# [TASK ITEM]
In the data below, one line contains "Ingegroeide Teennagel Behandelen" and a later one contains "Kawaii Christmas Plush". Print both, with every line between them, exactly and alone.

# [DATASET RECORDS]
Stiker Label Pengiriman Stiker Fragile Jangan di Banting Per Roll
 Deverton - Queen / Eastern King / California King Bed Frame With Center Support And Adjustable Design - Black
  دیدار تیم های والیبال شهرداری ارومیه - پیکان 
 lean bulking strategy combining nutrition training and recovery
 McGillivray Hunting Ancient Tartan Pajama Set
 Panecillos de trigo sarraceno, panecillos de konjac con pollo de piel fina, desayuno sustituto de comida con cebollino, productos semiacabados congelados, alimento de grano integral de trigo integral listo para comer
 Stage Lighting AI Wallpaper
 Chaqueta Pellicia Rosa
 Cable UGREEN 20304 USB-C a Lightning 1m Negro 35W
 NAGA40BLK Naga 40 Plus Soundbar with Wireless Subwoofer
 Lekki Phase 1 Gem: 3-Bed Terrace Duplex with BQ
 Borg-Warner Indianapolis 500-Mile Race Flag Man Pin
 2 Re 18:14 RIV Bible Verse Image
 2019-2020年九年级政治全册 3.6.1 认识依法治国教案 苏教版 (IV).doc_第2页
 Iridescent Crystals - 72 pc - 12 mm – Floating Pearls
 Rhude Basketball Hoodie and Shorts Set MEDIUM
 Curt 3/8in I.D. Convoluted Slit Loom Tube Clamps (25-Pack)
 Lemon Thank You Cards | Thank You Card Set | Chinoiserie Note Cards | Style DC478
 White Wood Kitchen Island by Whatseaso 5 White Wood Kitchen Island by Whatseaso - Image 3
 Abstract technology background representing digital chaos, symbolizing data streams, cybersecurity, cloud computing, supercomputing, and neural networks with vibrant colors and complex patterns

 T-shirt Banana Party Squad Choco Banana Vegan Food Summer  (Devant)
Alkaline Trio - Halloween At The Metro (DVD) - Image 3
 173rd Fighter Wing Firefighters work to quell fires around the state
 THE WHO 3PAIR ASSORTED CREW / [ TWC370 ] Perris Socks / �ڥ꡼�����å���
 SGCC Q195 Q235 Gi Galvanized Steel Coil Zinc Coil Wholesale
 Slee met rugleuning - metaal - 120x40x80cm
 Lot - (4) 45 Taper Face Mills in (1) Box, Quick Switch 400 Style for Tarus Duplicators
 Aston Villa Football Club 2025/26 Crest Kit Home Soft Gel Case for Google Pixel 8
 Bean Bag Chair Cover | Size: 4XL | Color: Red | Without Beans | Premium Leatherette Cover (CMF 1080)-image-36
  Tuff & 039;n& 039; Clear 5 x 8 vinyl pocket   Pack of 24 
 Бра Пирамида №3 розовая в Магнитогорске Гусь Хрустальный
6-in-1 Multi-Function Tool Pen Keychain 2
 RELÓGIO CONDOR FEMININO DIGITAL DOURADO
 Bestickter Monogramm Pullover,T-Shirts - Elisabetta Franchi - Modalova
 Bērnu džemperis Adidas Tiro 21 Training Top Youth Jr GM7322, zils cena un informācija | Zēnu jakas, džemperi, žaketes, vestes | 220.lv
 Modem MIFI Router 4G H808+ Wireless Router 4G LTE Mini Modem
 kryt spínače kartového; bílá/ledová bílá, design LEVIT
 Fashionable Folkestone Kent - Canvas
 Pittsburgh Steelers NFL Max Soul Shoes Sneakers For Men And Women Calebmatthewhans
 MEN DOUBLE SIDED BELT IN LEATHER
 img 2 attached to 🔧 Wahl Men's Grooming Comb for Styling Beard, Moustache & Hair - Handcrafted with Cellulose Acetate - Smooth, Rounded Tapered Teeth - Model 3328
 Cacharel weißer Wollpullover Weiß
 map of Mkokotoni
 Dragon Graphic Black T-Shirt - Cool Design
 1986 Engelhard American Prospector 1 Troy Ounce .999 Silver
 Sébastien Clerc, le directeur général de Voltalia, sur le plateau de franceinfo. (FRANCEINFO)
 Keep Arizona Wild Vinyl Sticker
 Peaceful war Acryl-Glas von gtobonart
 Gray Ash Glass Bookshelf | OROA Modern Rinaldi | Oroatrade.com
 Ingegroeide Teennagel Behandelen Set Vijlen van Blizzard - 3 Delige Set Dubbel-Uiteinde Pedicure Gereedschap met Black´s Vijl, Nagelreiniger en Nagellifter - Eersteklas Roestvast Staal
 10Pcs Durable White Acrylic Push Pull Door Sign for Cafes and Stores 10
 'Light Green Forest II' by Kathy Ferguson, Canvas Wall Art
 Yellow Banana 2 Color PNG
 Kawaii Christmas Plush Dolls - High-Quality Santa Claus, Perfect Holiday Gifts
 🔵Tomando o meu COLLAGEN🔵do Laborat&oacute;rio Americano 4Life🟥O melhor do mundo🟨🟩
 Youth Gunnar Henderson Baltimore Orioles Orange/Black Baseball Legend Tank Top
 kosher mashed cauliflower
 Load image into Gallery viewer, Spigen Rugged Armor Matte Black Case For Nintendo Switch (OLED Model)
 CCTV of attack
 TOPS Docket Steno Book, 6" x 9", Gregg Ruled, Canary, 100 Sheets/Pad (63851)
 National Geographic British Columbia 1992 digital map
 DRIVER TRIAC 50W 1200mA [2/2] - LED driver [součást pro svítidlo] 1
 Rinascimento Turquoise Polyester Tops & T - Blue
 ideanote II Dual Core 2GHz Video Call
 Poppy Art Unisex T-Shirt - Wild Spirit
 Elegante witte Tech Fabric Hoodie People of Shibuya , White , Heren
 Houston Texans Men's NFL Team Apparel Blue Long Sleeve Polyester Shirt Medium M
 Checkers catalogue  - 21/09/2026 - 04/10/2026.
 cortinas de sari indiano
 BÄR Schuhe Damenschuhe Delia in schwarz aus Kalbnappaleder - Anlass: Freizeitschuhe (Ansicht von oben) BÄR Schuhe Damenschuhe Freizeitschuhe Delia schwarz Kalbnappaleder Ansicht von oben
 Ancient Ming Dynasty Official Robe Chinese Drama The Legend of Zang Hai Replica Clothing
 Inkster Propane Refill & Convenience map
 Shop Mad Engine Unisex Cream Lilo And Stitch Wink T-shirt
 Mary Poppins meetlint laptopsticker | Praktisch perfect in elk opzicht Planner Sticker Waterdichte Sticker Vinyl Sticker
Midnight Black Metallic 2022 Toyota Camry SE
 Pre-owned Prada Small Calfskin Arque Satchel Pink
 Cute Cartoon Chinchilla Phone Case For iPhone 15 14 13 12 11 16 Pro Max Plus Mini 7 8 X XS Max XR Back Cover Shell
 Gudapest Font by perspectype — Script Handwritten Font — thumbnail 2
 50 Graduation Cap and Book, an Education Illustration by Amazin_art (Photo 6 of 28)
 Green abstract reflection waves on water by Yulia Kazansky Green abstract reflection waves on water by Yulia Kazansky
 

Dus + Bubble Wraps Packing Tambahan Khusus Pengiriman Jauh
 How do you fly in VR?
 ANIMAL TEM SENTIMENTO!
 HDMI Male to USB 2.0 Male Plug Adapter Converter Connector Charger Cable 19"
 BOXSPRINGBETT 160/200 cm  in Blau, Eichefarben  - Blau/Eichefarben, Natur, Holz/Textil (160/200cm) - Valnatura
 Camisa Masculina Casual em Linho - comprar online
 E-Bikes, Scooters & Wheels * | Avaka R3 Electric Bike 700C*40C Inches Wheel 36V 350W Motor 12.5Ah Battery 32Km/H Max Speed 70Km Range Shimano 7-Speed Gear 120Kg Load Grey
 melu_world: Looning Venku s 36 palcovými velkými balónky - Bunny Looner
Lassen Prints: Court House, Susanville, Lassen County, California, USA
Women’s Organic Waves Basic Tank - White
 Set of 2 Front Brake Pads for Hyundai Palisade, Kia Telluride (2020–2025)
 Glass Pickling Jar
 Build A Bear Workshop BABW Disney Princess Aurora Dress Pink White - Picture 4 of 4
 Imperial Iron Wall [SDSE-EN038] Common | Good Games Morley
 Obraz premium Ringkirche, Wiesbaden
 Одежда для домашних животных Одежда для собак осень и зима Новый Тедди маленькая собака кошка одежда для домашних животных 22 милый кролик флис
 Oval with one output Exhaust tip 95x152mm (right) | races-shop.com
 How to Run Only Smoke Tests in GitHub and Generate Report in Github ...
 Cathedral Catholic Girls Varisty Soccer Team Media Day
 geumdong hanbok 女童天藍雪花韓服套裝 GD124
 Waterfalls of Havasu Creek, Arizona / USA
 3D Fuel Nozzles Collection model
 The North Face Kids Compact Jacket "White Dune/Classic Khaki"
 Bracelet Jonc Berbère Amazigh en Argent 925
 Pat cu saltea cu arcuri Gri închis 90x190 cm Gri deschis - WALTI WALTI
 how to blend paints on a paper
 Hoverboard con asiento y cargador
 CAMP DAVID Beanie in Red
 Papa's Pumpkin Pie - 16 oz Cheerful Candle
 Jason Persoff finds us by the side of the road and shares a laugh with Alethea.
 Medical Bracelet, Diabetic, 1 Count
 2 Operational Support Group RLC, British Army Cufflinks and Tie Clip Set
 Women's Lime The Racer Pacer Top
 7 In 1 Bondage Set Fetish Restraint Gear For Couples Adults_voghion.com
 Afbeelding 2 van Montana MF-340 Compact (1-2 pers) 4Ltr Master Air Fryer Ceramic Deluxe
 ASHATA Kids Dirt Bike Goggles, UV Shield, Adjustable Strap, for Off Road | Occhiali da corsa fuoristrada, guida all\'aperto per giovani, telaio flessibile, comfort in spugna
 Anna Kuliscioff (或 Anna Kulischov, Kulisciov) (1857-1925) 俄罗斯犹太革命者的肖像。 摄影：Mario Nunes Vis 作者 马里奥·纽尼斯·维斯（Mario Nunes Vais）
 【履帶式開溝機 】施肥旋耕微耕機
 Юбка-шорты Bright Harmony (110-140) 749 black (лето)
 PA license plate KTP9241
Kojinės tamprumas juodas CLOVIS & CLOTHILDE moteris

# [SOLUTION]
 Ingegroeide Teennagel Behandelen Set Vijlen van Blizzard - 3 Delige Set Dubbel-Uiteinde Pedicure Gereedschap met Black´s Vijl, Nagelreiniger en Nagellifter - Eersteklas Roestvast Staal
 10Pcs Durable White Acrylic Push Pull Door Sign for Cafes and Stores 10
 'Light Green Forest II' by Kathy Ferguson, Canvas Wall Art
 Yellow Banana 2 Color PNG
 Kawaii Christmas Plush Dolls - High-Quality Santa Claus, Perfect Holiday Gifts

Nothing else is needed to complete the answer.